There’s something kind of beautiful and magnificent about the play’s topic, which I don’t need to point out and seems quite silly at first glance. It’s therefore even more exciting that the musical itself is pervaded by a genuine goodheartedness and searching empathy buried within all the mawkishly endearing cleverness which is part and parcel with the conceit of the term “15-minute musical.” The musical is about martyring a boy. It articulates a sharp perspective on marijuana legislation while operating from a vigorously emotional and theatrical perspective.

In the midst of the recent “Hamilton” craze, Dobrin found a link to the script and immediately loved it. He had never directed before, and he decided this was the project he’d use to crash-course himself through the directing process. His chief collaborator was stage manager Natalie May ’18, who he met through last semester’s Sweeney Todd production, in which they both acted.

I chatted with both Dobrin and May on a couple of busted-up sofas in a green room underneath the ’92 Theater. The two clearly complement each other well as collaborators: Dobrin is energetic and impassioned, while May is calm and collected. Both were drawn to the play because of its combination of extreme brevity and intense emotion, which generates a gripping, pressure-cooker atmosphere, both onstage and off.This is both May and Dobrin’s first time taking on dominant, behind-the-scenes roles in a theater production. 

Built into the show is the allure of bringing the work of a previous University theater phenom back to its roots. Of Miranda’s original script, May said, “I think it’s really neat to uncover someone’s little gems, to take this script that comes from a real life and then to make it our own.” Dobrin also pointed out that the first production of Miranda’s “In the Heights” first show was performed in the ’92 theater. “This is what Lin-Manuel Miranda comes from,” he exclaimed. 

Dobrin and May’s goal was to create a show that looks and feels as if it were created with only as much time as was absolutely necessary. It was cast two and a half weeks ago, the first rehearsal taking place immediately after casting. Likewise, production was brief, fast paced, and intense, taking place over a couple weeks and requiring an incredible commitment from their actors, designers, costumers, and tech crew. Set designer Nicole Boyd ’18 recalls her fascination with how quickly and extraordinarily the piece came together.

“Because it was a pretty minimalist set, my role in the production was pretty limited, but I had the good fortune of going to a bunch of rehearsals and seeing the cast and everyone else involved put together this short but sweet production in such a limited time,” she said. “I’m very impressed with them, and they’re all my role models. And I want them to teach me the choreography.”

When you talk to Dobrin about the project, you notice his enthusiasm, how much he leans into the goals of taking this project and making it well-acted, sharp, and believable.

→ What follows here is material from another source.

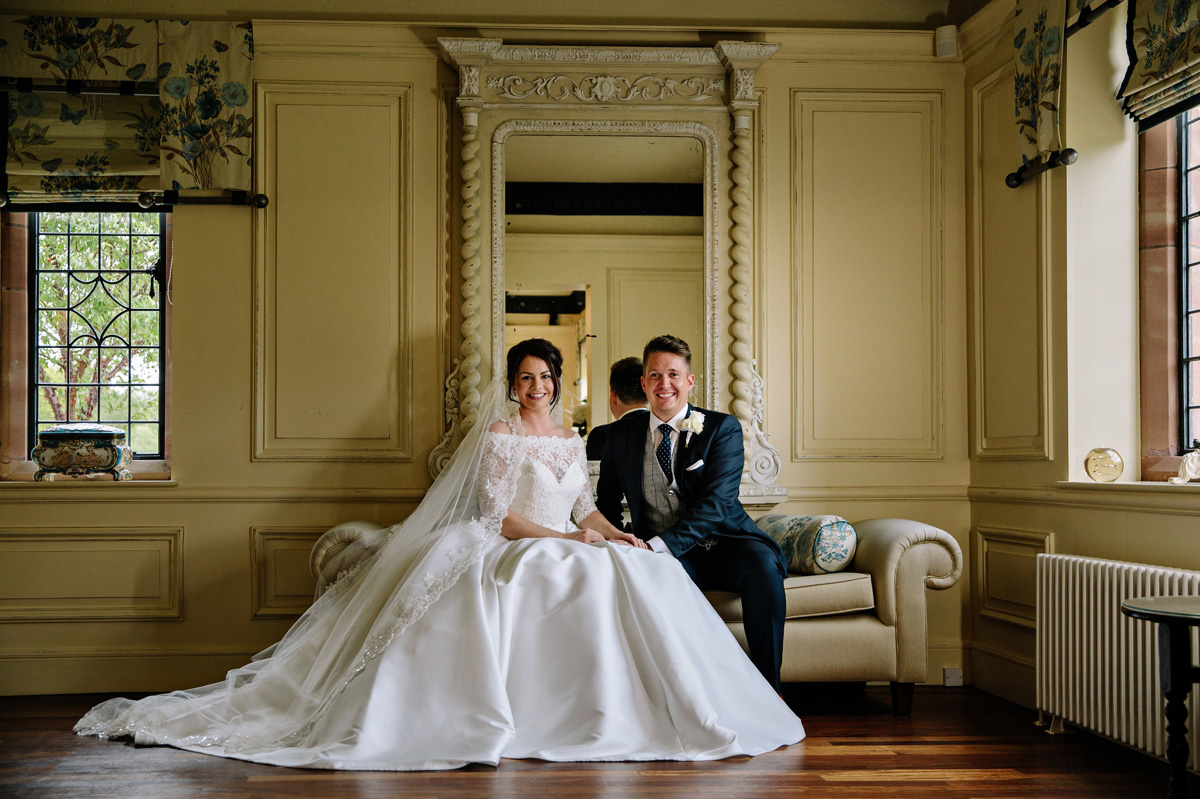 The Bride and Groom share a moment inside the luxury Cheshire wedding venue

And what’s surprising is that it is. For the first five minutes or so of the show, the viewer is really only engaged on the surface — these are college students singing and dancing and performing various high school antics. But then the show hooks you. It works because there’s never any flinching from the emotional stakes, never any winking at the flamboyant nature of “musical” as medium. Like Dobrin himself, the show leans hard into its goals, and this earnestness of intent buoys the viewer along.

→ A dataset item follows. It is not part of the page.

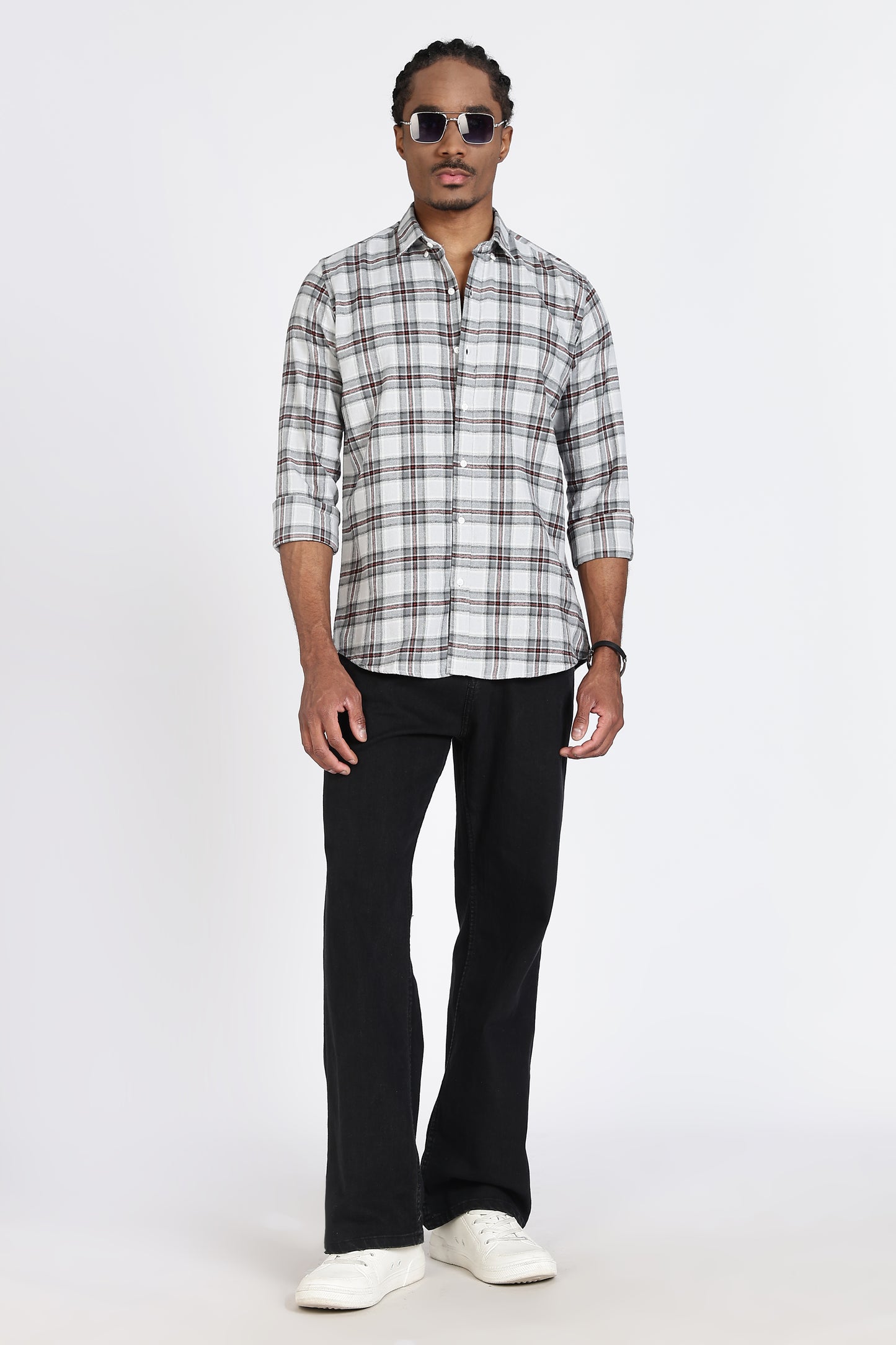 Regular Fit Grey Tartan Checked Shirt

The show also moves so quickly that there’s no time to not be invested. The restricted space of 15 minutes presents an interesting conundrum–the problem of how to capture an audience, to keep them engaged so they walk away with something. It’s the question of how to cut deep in 15 minutes. The musical format operates on a heightened, emotional plane that universalizes Justin’s strife and generates a meaningful and compelling piece of art.

In short, “21 Chump Street” is excellent, because it succeeds in being exactly what it wants to be.